(Extracted records)
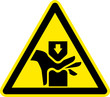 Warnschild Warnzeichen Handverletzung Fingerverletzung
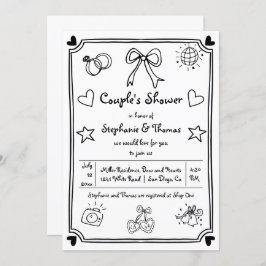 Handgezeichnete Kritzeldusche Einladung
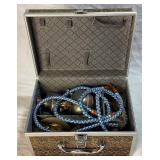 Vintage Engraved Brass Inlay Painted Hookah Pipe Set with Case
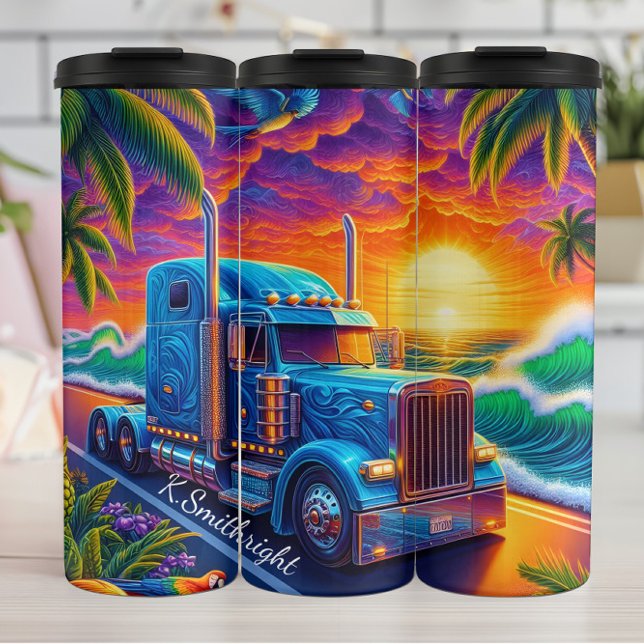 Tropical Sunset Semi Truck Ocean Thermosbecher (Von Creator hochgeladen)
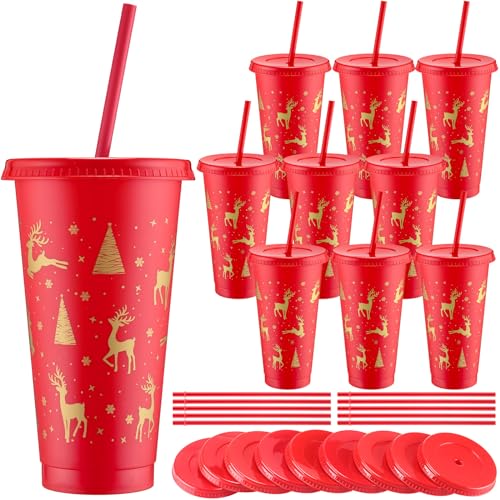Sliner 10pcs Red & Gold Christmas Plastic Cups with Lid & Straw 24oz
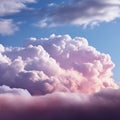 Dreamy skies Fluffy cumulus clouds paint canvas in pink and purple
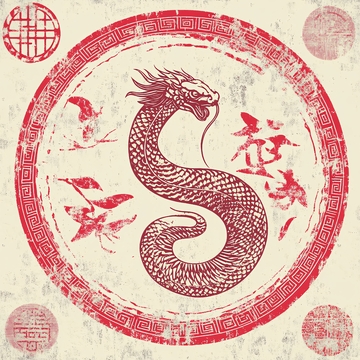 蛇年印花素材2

### Task prompt
Counting the line with "Handgezeichnete Kritzeldusche Einladung" and the last line of the data above, transcribe those two lines and every line between them exactly, without the pictures.

### Result
 Handgezeichnete Kritzeldusche Einladung
 Vintage Engraved Brass Inlay Painted Hookah Pipe Set with Case
 Tropical Sunset Semi Truck Ocean Thermosbecher (Von Creator hochgeladen)
Sliner 10pcs Red & Gold Christmas Plastic Cups with Lid & Straw 24oz
 Dreamy skies Fluffy cumulus clouds paint canvas in pink and purple
 蛇年印花素材2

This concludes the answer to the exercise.